Maggie Clark

Personal information
- Full name: Maggie Ellen Clark
- Born: 15 March 2007 (age 19) Adelaide, South Australia
- Batting: Left-handed
- Bowling: Right-arm fast-medium
- Role: Bowler

Domestic team information
- 2024/25–present: Adelaide Strikers (squad no. 7)

Career statistics
| Competition | WT20 |
| Matches | 4 |
| Runs scored | 3 |
| Batting average | 1.50 |
| 100s/50s | 0/0 |
| Top score | 2 |
| Balls bowled | 78 |
| Wickets | 4 |
| Bowling average | 22.00 |
| 5 wickets in innings | 0 |
| 10 wickets in match | 0 |
| Best bowling | 2/13 |
| Catches/stumpings | 1/– |
- Source: ESPNcricinfo, 20 October 2024

= Maggie Clark =

Australian cricketer

Maggie Ellen Clark (born 15 March 2007) is an Australian cricketer who plays for the Adelaide Strikers.
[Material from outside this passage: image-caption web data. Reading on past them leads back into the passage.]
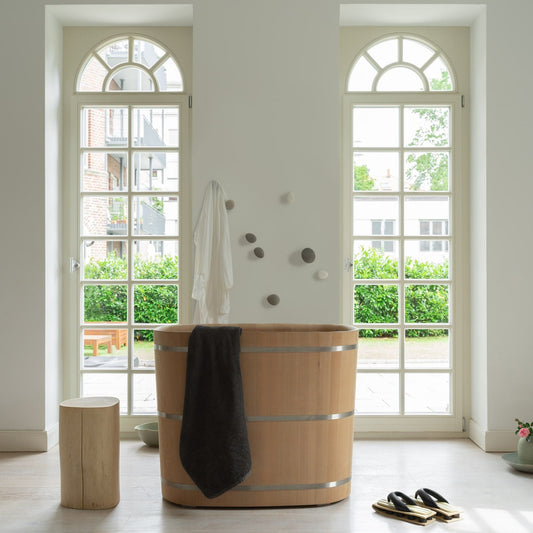 nouvelle baignoire en bois de cèdre OFURO de MAOMI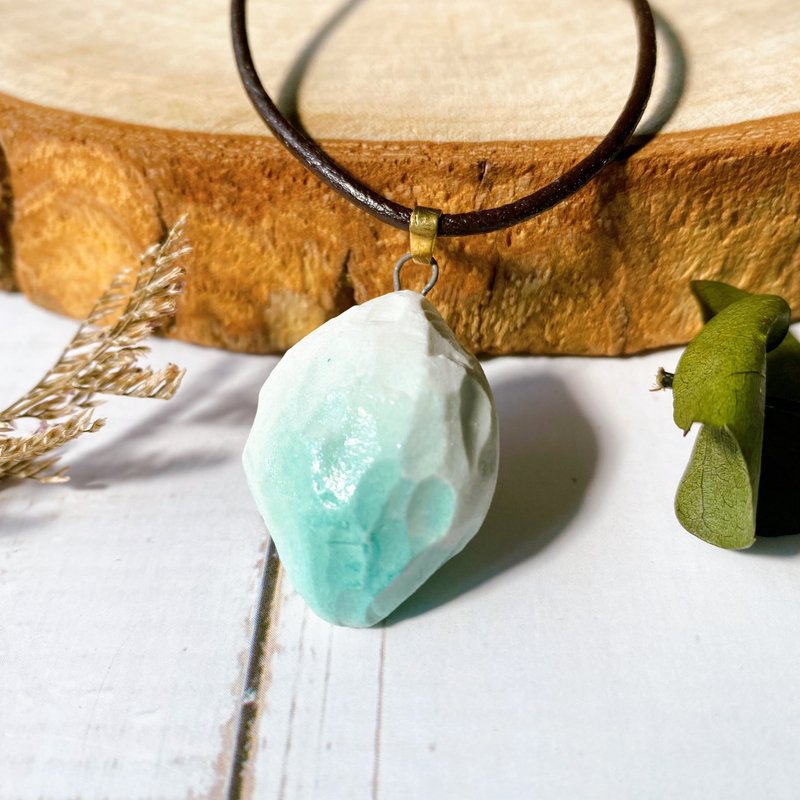 【圣诞礼盒】香水精油项链-艾绿飞雾不规则形|手作陶艺 香氛礼盒 - 项链 - 瓷 绿色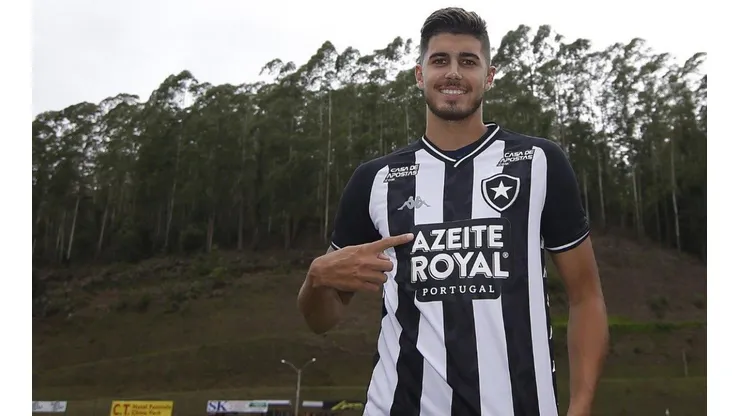 Pedro Raul revela quem o convenceu a escolher o Botafogo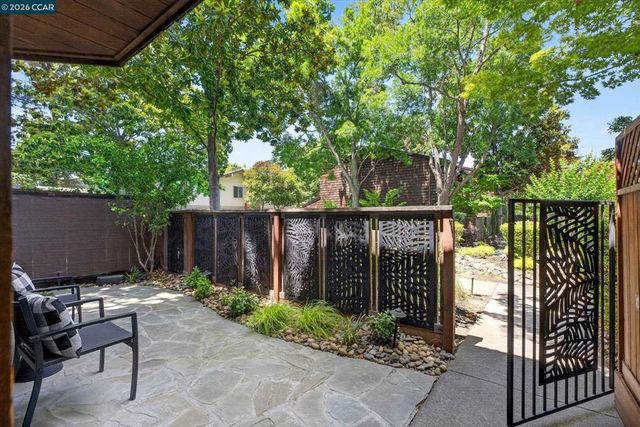 2340 Westcliffe Ln L, Walnut Creek, CA 94597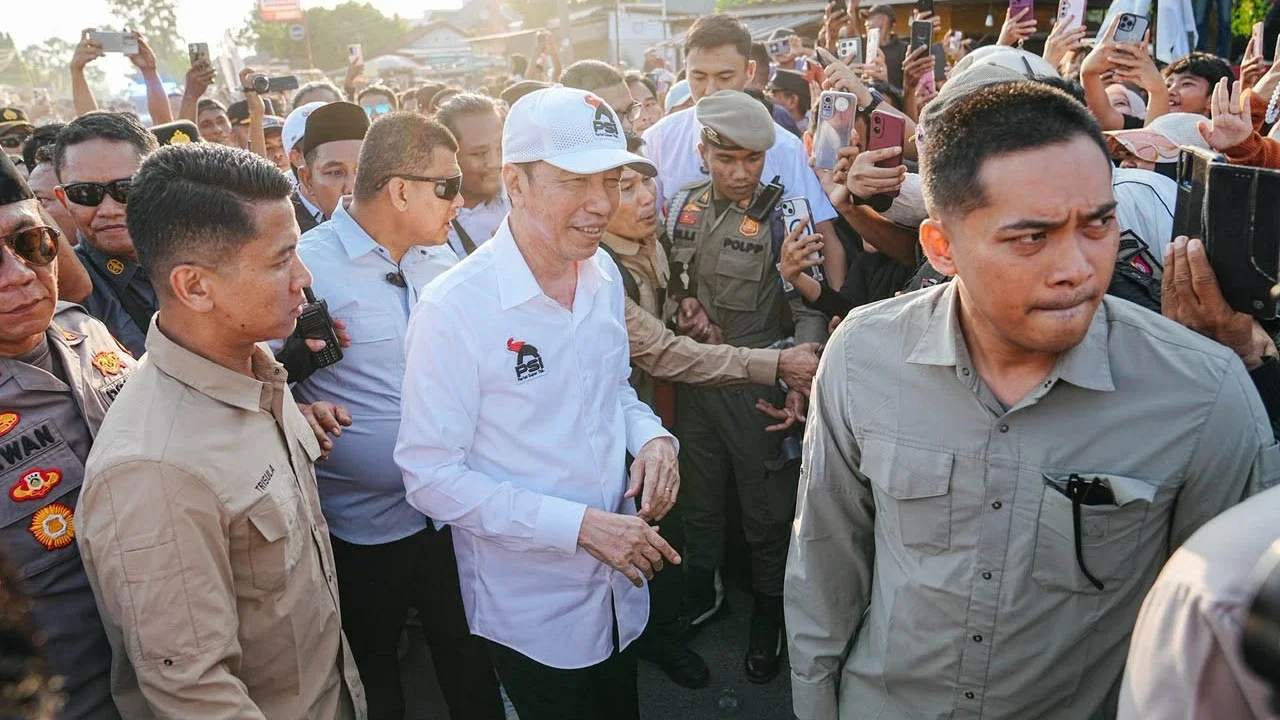 Presiden ketujuh Joko Widodo menghadiri Karnaval Gajah di Tulang Bawang, Lampung, Jumat (26/6/2026).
She plays as a right-arm fast-medium bowler and a left-handed batter.

==Career==
In December 2022, Clark was named as part of Australia's squad for the 2023 Under-19 Women's T20 World Cup. She picked up 12 wickets, the most of any player in the tournament.

In October 2024, she was signed to the Adelaide Strikers ahead of WBBL|10. She debuted against the Perth Scorchers in the T20 Spring Challenge on 11 October, taking 2/13.